The Financial Conduct Authority (FCA) has closed around 100 investigations without taking any further action over the past three years, according to a report by the Financial Times (FT).
The closure of these cases has taken the number of active investigations to the lowest in 10 years.
According to data provided by the regulator to the FT, the FCA conducted 24 investigations between April and November 2025, closing nine of them without any enforcement action.
The FCA also abandoned 91 investigations without taking any action between March 2023 and March 2025.
The increased closure of cases coincides with the appointment of Therese Chambers and Steve Smart to lead the FCA’s enforcement department in April and June 2023.
According to the FT, they have focused on fewer investigations which have a higher impact.
In some of its closed cases, the FCA told the FT that it had imposed supervisory measures or action had been taken by a different authority.
Last year, the biggest fines imposed by the FCA were for breaching its anti-money laundering rules, including a £39 million fine for Barclays.

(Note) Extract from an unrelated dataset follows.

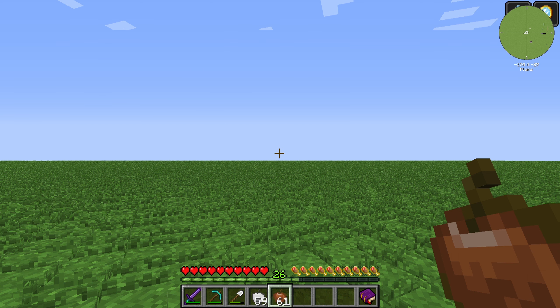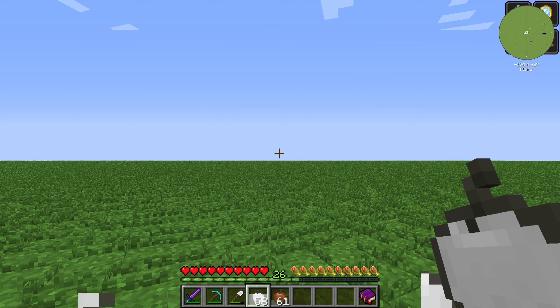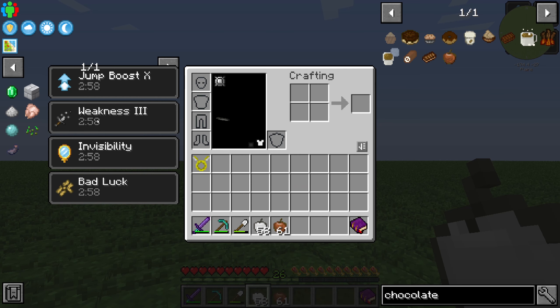The chocolate apple will remove some negative status effects from you, and I will show you that through the bone apple. I will eat a bone apple like that, and we can see that we have two negative status effects.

Last month, Nationwide Building Society received a penalty of £44 million from the regulator over “inadequate” anti-financial crime systems and controls.
During the nearly five-year period of October 2016 to July 2021, the building society had ineffective systems for keeping up-to-date due diligence and risk assessments for all of its personal current account customers and for monitoring their transactions.
The organisation was also aware at the time that some of these customers were using their personal account for business activity, which is in breach of its terms.
The UK financial services watchdog said that in one case, Nationwide missed opportunities to identify a customer using personal current accounts to receive fraudulent Covid furlough payments.